Mir geht es nicht um eine »Geden­krede«. Die Wort­hülsen, die an solchen Tagen offiziell verbrei­tet werden, wie »Wir gedenken der Opfer…« sind Sprech­blasen. Gedenken an mehr als 50 Mil­lio­nen Opfer muss das »Wehren« einschließen. Bertolt Brechts Aphorismus »Der Schoß ist fruchtbar noch, aus dem das kroch!« gewinnt in diesen Tagen brennende Aktualität.

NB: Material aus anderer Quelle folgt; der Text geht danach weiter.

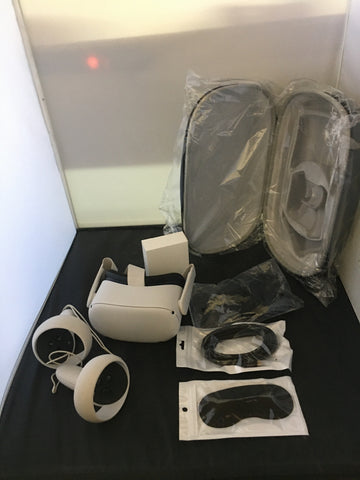 Oculus Quest 2 All-In-One VR Headset 256GB, Touch Controllers Bundle with Mytrix Carrying Case, Link Cable(3M), Black Grip & Lens Cover -Used Like New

Sehr geehrte Damen und Herren,
liebe Freundinnen und Freunde,
Kolleginnen und Kollegen

Das 10 Jahre lange mörderi­sche Wirken des »National­sozia­listi­schen Unter­grunds« unter Beobach­tung des Verfas­sungs­schutzes, unter Mitwir­kung seiner »Vertrauens­leute« – so werden die V-Leute – also die vom Staat bezahlten Neo­nazis genannt, muss jeden alarmieren.

Der Verfassungsschutz hat über Jahre die kriminellen Machenschaften der Neo­faschis­ten finan­ziert und gedeckt und hat in der letzten Phase belas­tende Unter­lagen geschred­dert. Wenn heute in Köln-Chor­weiler vor der Bundes­zen­trale des Verfas­sungs­schut­zes tausende für dessen Auflö­sung demons­trieren, ist das eine längst über­fällige Entschei­dung. Dieser Geheim­dienst, der sich jeder parla­men­tari­schen Kontrolle entzieht, ist nicht zu refor­mieren. Dieser Geheim­dienst maßt sich derweilen auch Bildungs­aufträge in Schulen und Hochschulen an.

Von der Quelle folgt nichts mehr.